Root Cause: A process error in the Mortgage Operations team meant my request in December 2022 wasn’t acted on. They were only able to issue letters now with the current interest rates on them.

I contacted the lender again about this problem. To paraphrase Obi Wan Kenobi: “those weren’t the rates I was looking for”. What I wanted was the rate they should have told me about had they not screwed up the process outcome, which resulted in a failure to deliver the required information outcome, and impacting my data-driven decisions.

What happened after?

After a meeting with the lender where I handed them a list of interest rates that I had found on Archive.org I magically received a fixed rate letter the next day which had, co-incidentally, the exact same interest rate as I had pointed out as a possible interest rate that I should have been offered in December.

Note: I provided the data. I do not know if the interest rate that they have now offered me is actually the interest rate that would have applied in December. One would expect a lender to have some historic data on that kind of thing.

However… a key piece of data was missing from the letter. The amount of the monthly repayment that would apply. Also missing was any information on the indicative cost per thousand euro of borrowing. More accurately, that information was not provided for the interest rate that they were offering me (but it was provided for a lower rate. Curses… maybe they did know something I don’t know).

Remember, for my data-driven decision a key piece of (legally required) information is the amount of the monthly repayment over the fixed rate period. Also, the letter to accept the new terms on our mortgage required me to sign that I had been given this information, which I haven’t been given.

So I contacted the complaints department again (multiple phone calls and voice mail messages to little avail).

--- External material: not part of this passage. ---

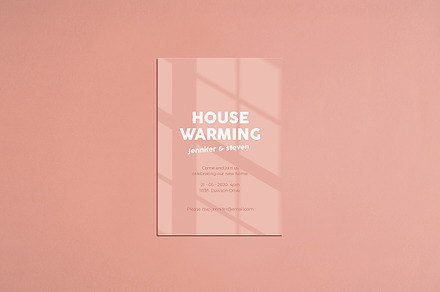 Modern housewarming invitation card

And today, almost three months after my initial complaint and over four months after my initial request, I got another letter from the lender.

What’s happened now?

Today I was informed, in writing, that because they don’t have an automated process to calculate the repayment amount or provide the indicative cost per thousand euros and they are not able to calculate this manually, they won’t be giving me the information. The information that they would have had available in December if they’d acted on my request when it was made.

The information they are legally required to provide to me and which I am required to sign an agreement saying that I have been provided.

The Lesson

I suspect what has happened here is an instance of O Brien’s 5th Law of Data Transformation.

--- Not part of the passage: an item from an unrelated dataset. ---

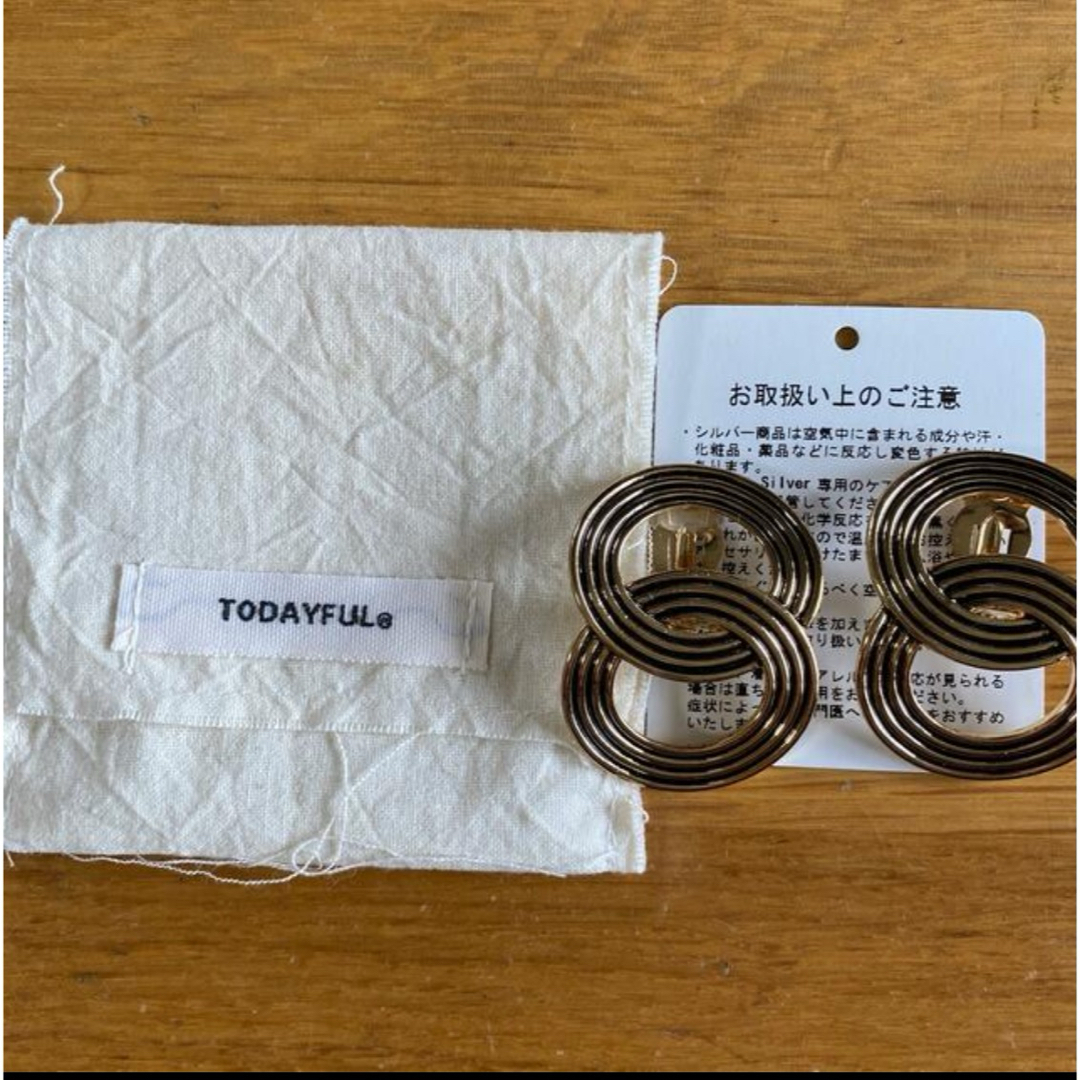 TODAYFUL(トゥデイフル)のtodayful イヤリング レディースのアクセサリー(イヤリング)の商品写真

If you make the magic box a black-box process, you won’t know if the cat in that box is alive or dead. In other words: when you have to work outside the box in an emergency you might not know how.

In short: because my lender has developed their IT systems with a ‘forward looking’ happy-path focus, they are not able to handle it when something happens that is outside the process. Like a customer wanting them to give him the interest rate he was entitled to before the process failed, and who actually reads the fine print on the things they send him to sign.

This is the risk of over-optimisation and over-automation without investing in the documentation and codification of knowledge of how things are supposed to work. It’s the same enshittening of knowledge that Plato wrote about in the Phaedrus, and it’s the same enshittening of knowledge I wrote about here back in January.

And it gets tricky when the required information outcome (telling me what the monthly repayment will be on the remainder of the mortgage over a 5 year period at a particular interest rate) is a legal requirement.

Question: What processes exist in your organisation that are at risk of over-automation or being digitally transformed into a potential liability?